Por RICARDO ZIMERMAN
x: @RicGusZim1
El presidente Javier Milei parecía haber llegado a una meseta política inmejorable después del triunfo electoral de octubre. Los números en el Congreso, aun sin mayorías propias, se habían ordenado con la incorporación de aliados circunstanciales; el clima de época jugaba a favor de un Gobierno que había logrado estabilizar variables económicas sensibles; y la oposición tradicional parecía atrapada entre la resignación y la falta de liderazgo. Sin embargo, dos decisiones tomadas en las sombras del procedimiento parlamentario alteraron ese escenario y expusieron una verdad conocida en la política argentina: el poder no se ejerce solo con votos, sino con reglas.
La primera señal de ruptura fue la designación intempestiva de auditores para la Auditoría General de la Nación, acordada en plena madrugada con el kirchnerismo. No fue solo una maniobra sorpresiva, sino un gesto político de alto impacto simbólico. La AGN es, por definición, el territorio institucional de la oposición, el ámbito desde el cual se controla al oficialismo. Que el Gobierno haya convalidado —o tolerado— un acuerdo con su antagonista histórico para avanzar allí sin aviso previo detonó la confianza del PRO, su principal socio legislativo.
La segunda decisión fue aún más delicada: la incorporación tardía, y sin consenso, de la derogación de las leyes de emergencia universitaria y de discapacidad dentro del Presupuesto 2026. No se trató solo de un error técnico o de una mala lectura del tablero, sino de una concepción rígida del poder. Milei reaccionó con furia cuando el artículo fue rechazado, aun cuando el Presupuesto había sido aprobado en general. Para el Presidente, sin esa poda el equilibrio fiscal quedaba herido de muerte. Para muchos de sus aliados, en cambio, el problema fue el método.

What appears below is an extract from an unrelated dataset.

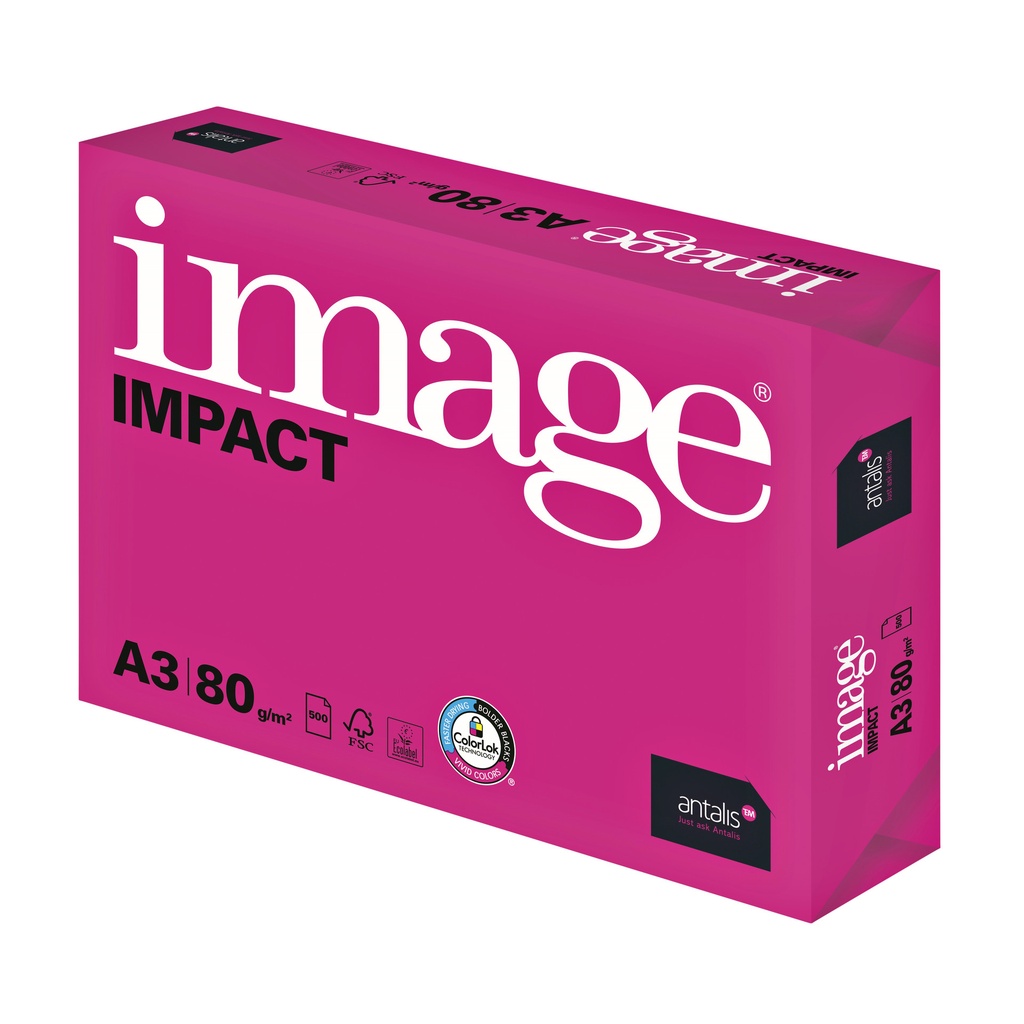 [392964] Kopieerpapier Image Impact A3 80gr wit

Ese choque de miradas explica buena parte del deterioro del vínculo con el PRO. Desde entonces, el macrismo decidió replegarse a una posición defensiva: votar según convicción, pero sin asumir el costo político de garantizar quórum o articular voluntades. Es una decisión que no rompe formalmente la alianza, pero la vacía de contenido operativo. En el Congreso, ese matiz puede ser decisivo.
Las consecuencias no tardaron en aparecer. La primera víctima fue la reforma laboral, presentada por el propio Gobierno como una de las columnas de su programa de transformación. Su postergación hasta febrero fue, en los hechos, una derrota política. No solo por la falta de números, sino porque dejó al descubierto una subestimación del impacto fiscal y político de la iniciativa. Gobernadores que habían acompañado el Presupuesto descubrieron que la reforma alteraba la coparticipación y los ingresos provinciales. Nadie tolera sorpresas cuando se trata de recursos.
El Gobierno había apostado a un cronograma ambicioso: Presupuesto, reforma laboral, reforma tributaria y cambios en el Código Penal. Pero la mala praxis legislativa, sumada a una estrategia de confrontación permanente, produjo el efecto inverso. Hoy, Milei enfrenta la paradoja de haber ganado una elección con contundencia y, al mismo tiempo, haber debilitado su capacidad de gobernar.
El dilema del Presupuesto es ilustrativo. Aceptarlo tal como salió de Diputados implica resignarse a un texto que el Presidente considera incompatible con su programa. Vetarlo o dejar al país sin presupuesto, en cambio, enviaría una señal inquietante a los mercados, al FMI y a los Estados Unidos. No es una disyuntiva menor. El equilibrio fiscal no es solo una consigna ideológica; es también un compromiso internacional.
A ese cuadro se suma un contexto social inquietante. Las movilizaciones sindicales, aun sin desbordes, advierten sobre un clima de fragilidad. Los episodios recientes en las Fuerzas Armadas, atravesados por dramas personales ligados a la situación económica, funcionan como un recordatorio incómodo de que la estabilidad macroeconómica no siempre alcanza para ordenar la vida cotidiana. Gobernar es, también, administrar sensibilidades.
Nada de esto invalida el rumbo elegido por Milei. Pero sí obliga a revisar las formas. La política no perdona la soberbia, sobre todo cuando se ejerce desde una minoría parlamentaria. Las mayorías no se declaman: se construyen. Y se construyen con paciencia, con diálogo y con respeto por los procedimientos. Saltarse esos pasos puede dar réditos inmediatos, pero suele tener costos duraderos.
El Gobierno aún está a tiempo de corregir. Para eso deberá entender que el Congreso no es un obstáculo, sino un escenario inevitable. Que los aliados no son empleados, sino socios circunstanciales. Y que las reformas profundas, para ser sostenibles, necesitan algo más que convicción: necesitan consenso. De lo contrario, el poder que hoy parece sólido puede empezar a resquebrajarse mucho antes de lo previsto.